#### Required action:
From the line below containing "Size guide for" to the final line, print each line exactly as written. No pictures belong in the copy.
____ Given material
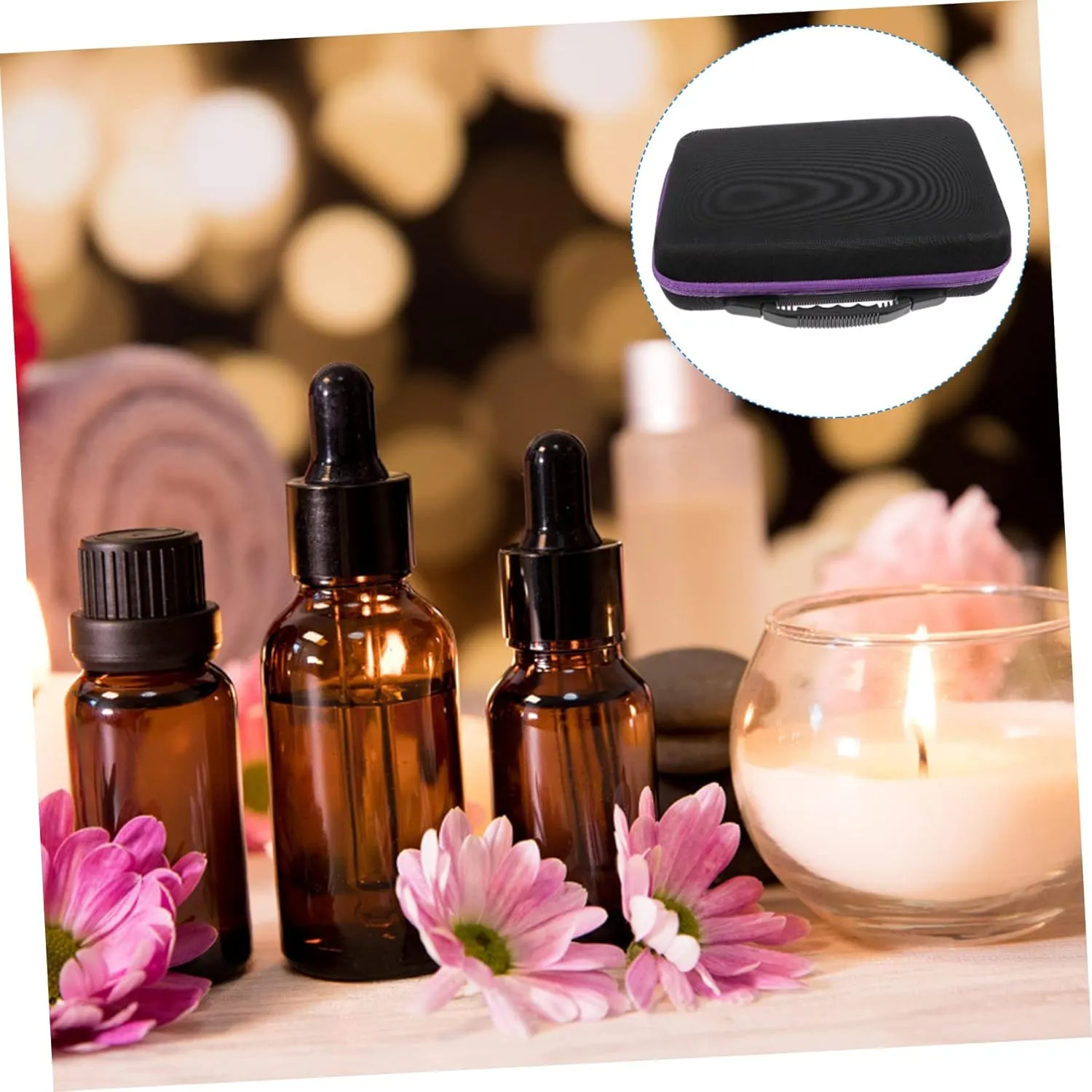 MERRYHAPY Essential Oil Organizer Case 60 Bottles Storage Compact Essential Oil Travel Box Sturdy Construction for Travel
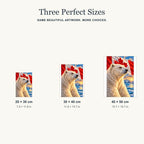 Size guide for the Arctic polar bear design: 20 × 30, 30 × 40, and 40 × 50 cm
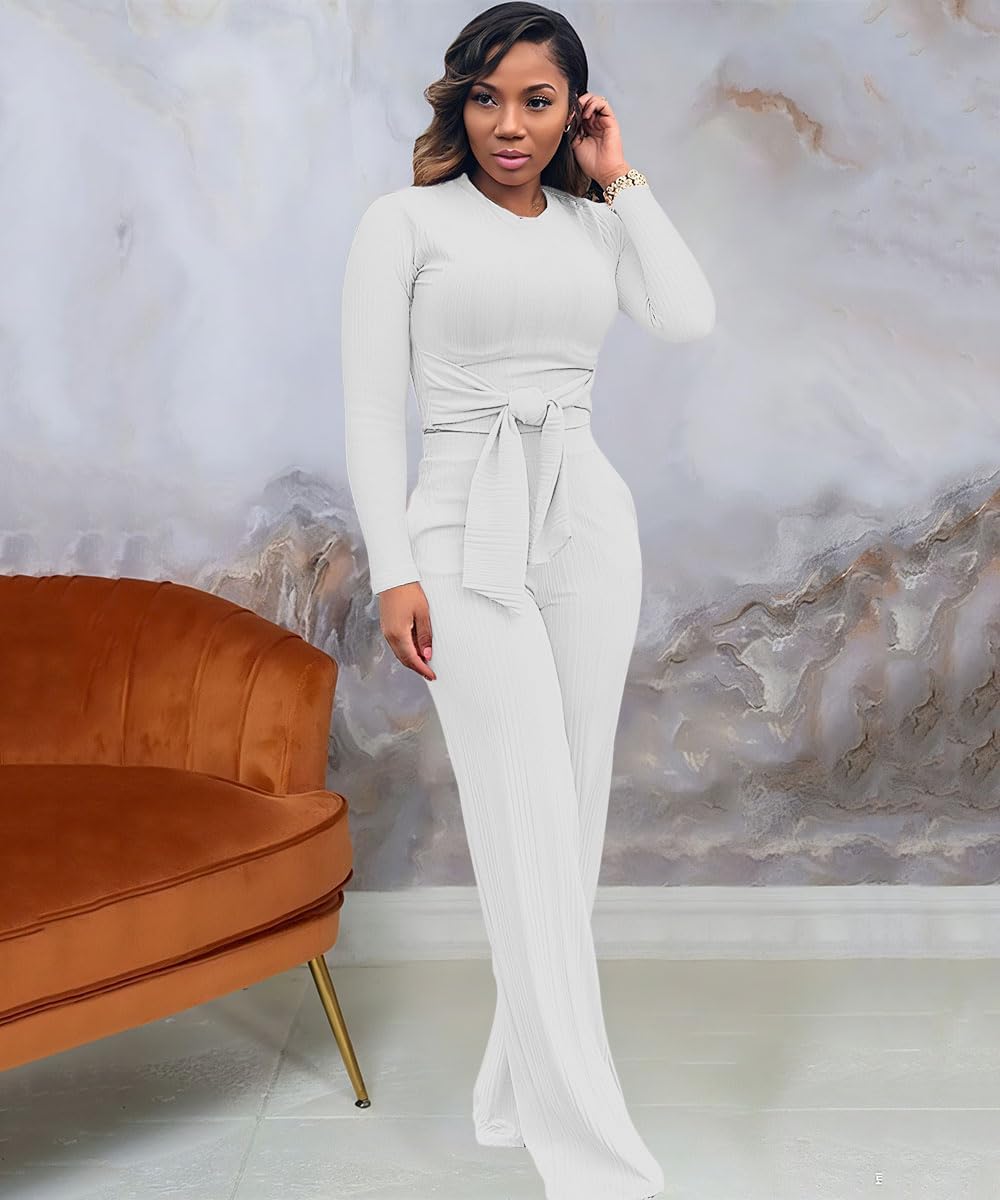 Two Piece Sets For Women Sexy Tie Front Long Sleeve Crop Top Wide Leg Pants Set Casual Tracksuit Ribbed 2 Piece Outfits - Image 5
________
#### Result for this task:
 Size guide for the Arctic polar bear design: 20 × 30, 30 × 40, and 40 × 50 cm
 Two Piece Sets For Women Sexy Tie Front Long Sleeve Crop Top Wide Leg Pants Set Casual Tracksuit Ribbed 2 Piece Outfits - Image 5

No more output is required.